O governo aumentou o IOF em diversas transações com o intuito de elevar a arrecadação e passou a classificar as operações de risco sacado (antecipação de recebíveis, adotada por varejistas para gerir fluxo de caixa), antes não tributadas, como operações de crédito, fazendo incidir alíquota de 3,5%, que agora poderá ser reduzida.
O tema já foi levado ao Supremo Tribunal Federal (STF), em ação do Partido Liberal (PL), que pede a suspensão liminar das alterações no IOF (ADI 7827), ainda sem decisão. O partido alega que o governo adotou a medida para aumentar a arrecadação, contrariando a natureza extrafiscal do tributo, o que deveria ser feito por meio de lei.

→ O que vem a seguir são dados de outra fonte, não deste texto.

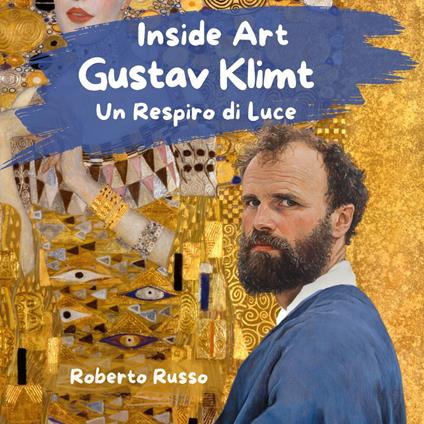 Gustav Klimt. Un respiro di luce - Roberto Russo - copertina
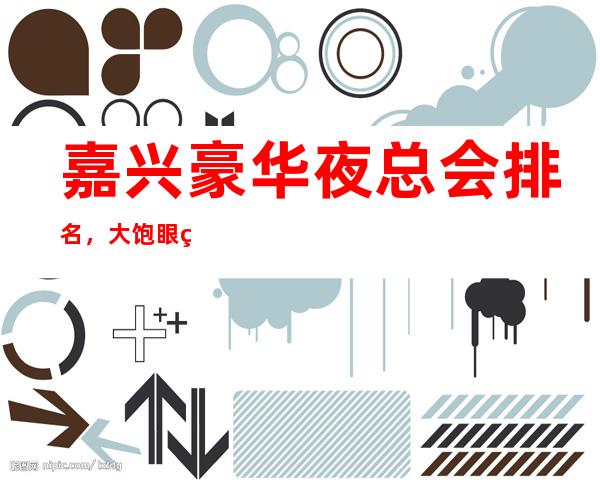 嘉兴豪华夜总会排名,大饱眼福的几家好玩夜总会去处 – 嘉兴南湖商务KTV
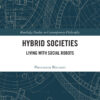 Hybrid Societies - 1st Edition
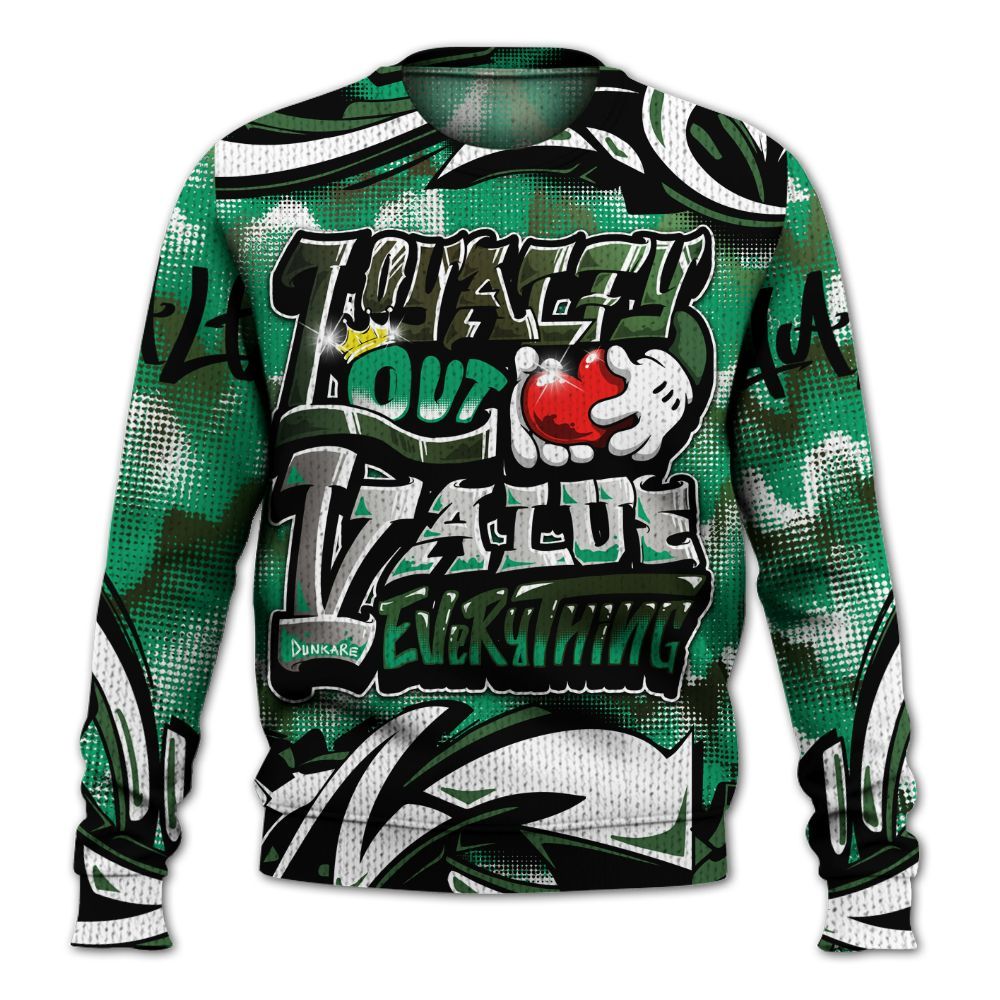 Sweater To Match Foamposite Pro Pine Green 2025 - Loyalty Out Value Graffiti Graphic
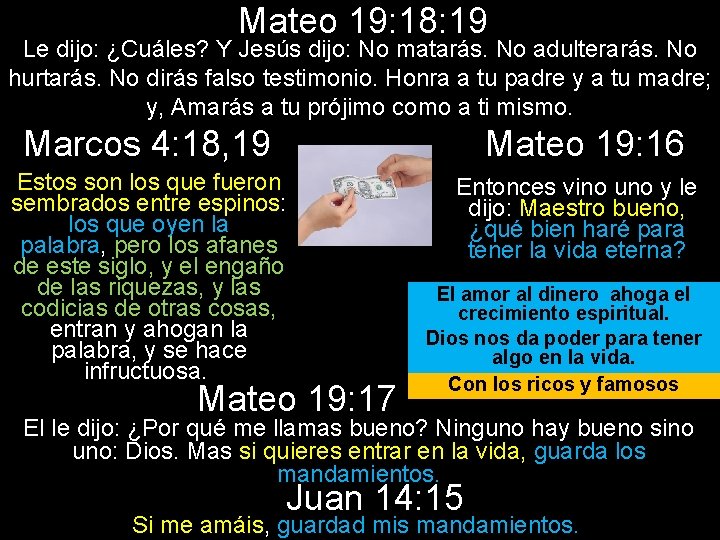 Mateo 19: 18: 19 Le dijo: ¿Cuáles? Y Jesús dijo: No matarás. No adulterarás.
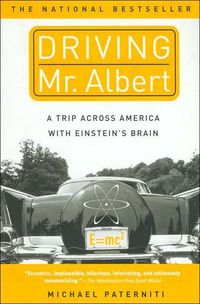 Driving Mr. Albert by Michael Paterniti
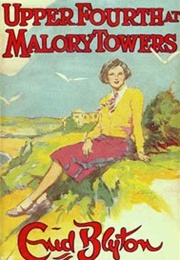 Upper Fourth at Malory Towers (Enid Blyton)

A Federação das Indústrias do Estado do Paraná (Fiep) também pediu, em mandado de segurança coletivo, o afastamento das alterações promovidas pelo decreto. A 4ª Vara Federal de Curitiba negou o pedido, alegando falta de urgência para conceder a liminar (processo nº 5029485-83.2025.4.04.7000). A entidade vai recorrer da decisão.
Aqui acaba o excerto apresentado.